When one is not dealing with causal factors that compose in this way or when one simply does not know how various causal factors will interact, one may still use laws qualified with ceteris paribus clauses. Qualified laws dealing with nonmechanical phenomena will, however, be more provisional and will have a more restricted scope. They may apply only when there are no appreciable interfering factors (Elster Reference Elster1989a, p. 216). Even if the basic generalizations of equilibrium theory are inexact laws, they will not help one to understand real economies with their inevitable disturbing causes, unless economic phenomena are mechanical phenomena.

Mill simply asserts that economic phenomena are mechanical: that the basic economic causal factors continue to act as component “forces” in the total complicated effect (1843, 6.7.1). Such a supposition is implicit in many applications of economic models. I see no justification for it other than the empirical confirmation of the implications of composing the effects of multiple causes. For an illustration of how Mill treats economic phenomena as mechanical, see his discussion of the combined effects on rents, profits, and wages of an increase in capital and labor and of technological change (1871, book IV, chapter 3).

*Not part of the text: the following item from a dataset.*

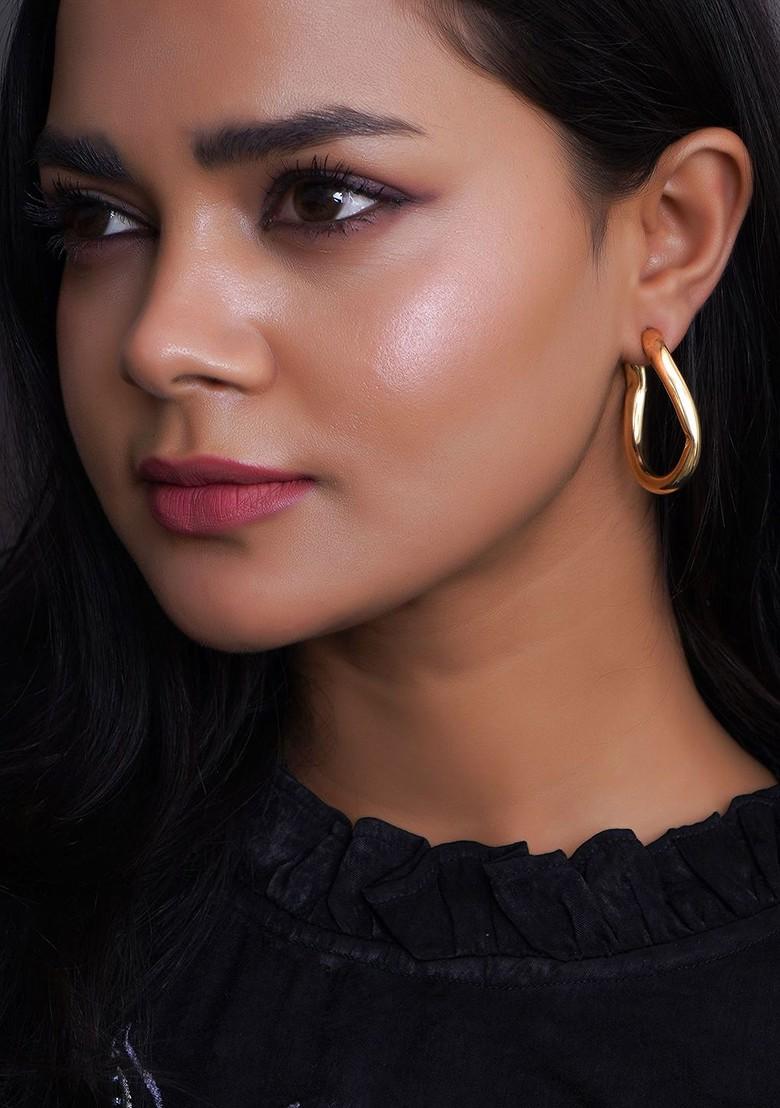 Gold Plain Gold Plated Earrings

Since scientists do not know exactly what property a ceteris paribus clause picks out, why regard it as picking out any property at all? Is there enough clarity in the independent specification of a ceteris paribus clause that rules out “other interferences” as in the example just discussed? Does such a specification identify a domain in which the basic “laws” of equilibrium theory are true? One can recognize that the generalizations of equilibrium theory may guide research and help economists to interpret data without regarding them as laws. If the interferences vaguely specified by the implicit ceteris paribus clause are absent, then economists can regard the generalization in that domain as a restricted law.Footnote ¹⁷ Without the limitation to a specific domain provided by the independent specification of the ceteris paribus condition, economists can regard the generalizations of equilibrium theory merely as assumptions in models. To regard inexact general “laws” as merely assumptions in models highlights the elusiveness of ceteris paribus clauses, which I have perhaps understated, and it emphasizes that economists regard inexact “laws” differently when they use them to give explanations than when they rely on them in doing speculative research.

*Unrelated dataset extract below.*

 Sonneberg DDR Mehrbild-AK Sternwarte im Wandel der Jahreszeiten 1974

Because theorists use basic economic “laws” to try to explain economic phenomena, they cannot regard them as mere assumptions, but must take them as expressing some truth, however rough (see §A.3). Otherwise their attempts to use them to explain economic phenomena would be incomprehensible (Reiss Reference Reiss2012; 2013, chapter 7). At some point, with respect to some domains, economists must construe the assumptions of the basic equilibrium models either as true qualified lawlike assertions or as true statements of tendencies.

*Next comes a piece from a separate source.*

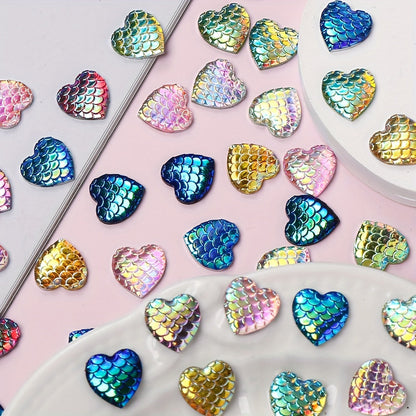 30PCS 12mm Heart-Shaped Serpentine Resin Bead Set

Countenancing qualified laws forthrightly, one need not make invidious comparisons between the natural sciences and social sciences. One finds instead gradations of inexactness. Scientists strive for exactness, but possessing, as they typically do (whether in economics or chemistry), only qualified generalizations or generalizations with restricted scope, they nevertheless have learned something about their subject matter and can explain some of the phenomena in the domain.

9.6 Conclusions

Mill’s views of tendencies and inexactness are of value only if there is some way to tell whether generalizations express genuine tendencies. Can those generalizations that express tendencies be distinguished from rough generalizations that happen by accident occasionally to give the right answers? Since it is entirely consistent with the claim that $F$ tends to cause $G$ that we observe instances in which $F$ is not followed by $G$, how can claims about tendencies be tested? Chapter 10 attempts to provide the answer that economists from Mill in the first half of the nineteenth century to Lionel Robbins in the first half of the twentieth century have given.